I want to train a Tensorflow LSTM model iteratively on no of dataset one after other.
checkpoint_config = CheckpointConfig(checkpoint_score_attribute="accuracy", checkpoint_score_order="max")
batch_list = [0,1,2]
print(f"Starting Master batch_{batch_list[0]}")
X_train = np.random.choice([0, 1], size=(512,10,1016))
y_train = np.random.choice([0, 1], size=512)
dataset = ray.data.from_items([{"x": X_train[index,:,:], "y": y_train[index]} for index in range(y_train.shape[0])])
del X_train, y_train
print('''This cluster consists of {} nodes in total {} CPU resources in total'''.format(len(ray.nodes()), ray.cluster_resources()['CPU']))
trainer = TensorflowTrainer(run_epoch,train_loop_config=config,
scaling_config=ScalingConfig(num_workers=2, trainer_resources={"CPU": 0}),
run_config=RunConfig(checkpoint_config=checkpoint_config),
datasets={"train": dataset})
print("Intialized trainer object ....")
result = trainer.fit()
del dataset
print(f"Completed Master batch_{batch_list[0]}")
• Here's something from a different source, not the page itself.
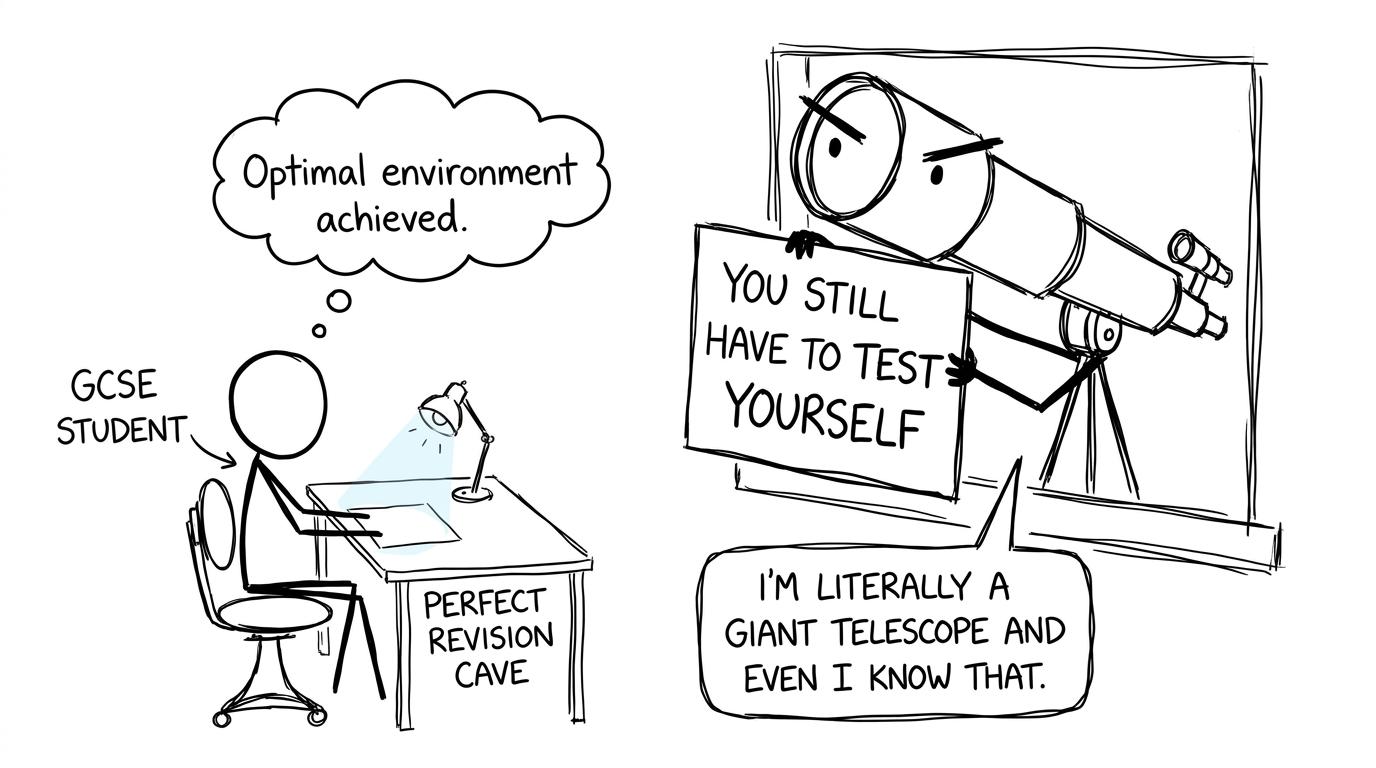A student discovers that a perfect revision cave cannot replace self-testing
print("****result_0: ", result)
for batch in batch_list[1:]:
print(f"Starting Master batch_{batch}")
X_train = np.random.choice([0, 1], size=(512,10,1016))
y_train = np.random.choice([0, 1], size=512)
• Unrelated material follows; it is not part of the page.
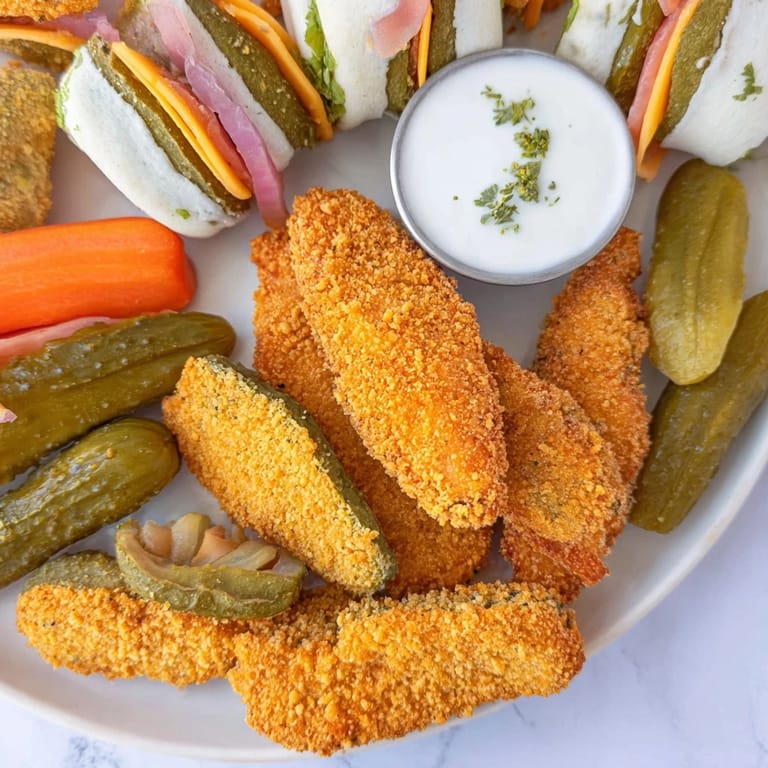 Savor the unique pickle lovers meal featuring fried pickles and savory wrapped bites.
dataset = ray.data.from_items([{"x": X_train[index,:,:], "y": y_train[index]} for index in range(y_train.shape[0])])
del X_train, y_train
trainer = TensorflowTrainer(run_epoch,train_loop_config=config,
scaling_config=ScalingConfig(num_workers=2, trainer_resources={"CPU": 0}),
run_config=RunConfig(checkpoint_config=checkpoint_config),
resume_from_checkpoint = result.checkpoint,
datasets={"train": dataset})
result = trainer.fit()
To do this I am passing checkpoints from previous training iteration to next iteration using resume_from_checkpoint
parameter of trainer.fit() method. I referred to following documentation.
https://docs.ray.io/en/latest/train/dl_guide.html#loading-checkpoints
But I am getting error in 2nd iteration that the result Dict has no key accuracy.
ERROR checkpoint_manager.py:328 -- Result dict has no key: accuracy. checkpoint_score_attr must be set to a key in the result dict. Valid keys are: ['trial_id', 'experiment_id', 'date', 'timestamp', 'pid', 'hostname', 'node_ip', 'done']
Trial TensorflowTrainer_256fc_00000 completed. Last result:
even If the accuracy key is there in result Dict, which I have added in the checkpoint in my training function run_epoch
report_dict = {
"epoch": [epoch+1],
"loss": history.history['loss'][0],
"accuracy": history.history['accuracy'][0]
}
ckpt = Checkpoint.from_dict(dict(epoch=epoch,accuracy=history.history['accuracy'][0], model_weights=model.get_weights()))
session.report(report_dict, checkpoint=ckpt)
You can refer to my Notebook for better view and reproduce the error.
Please help me understand and resolve the issue and let me know if I am missing something.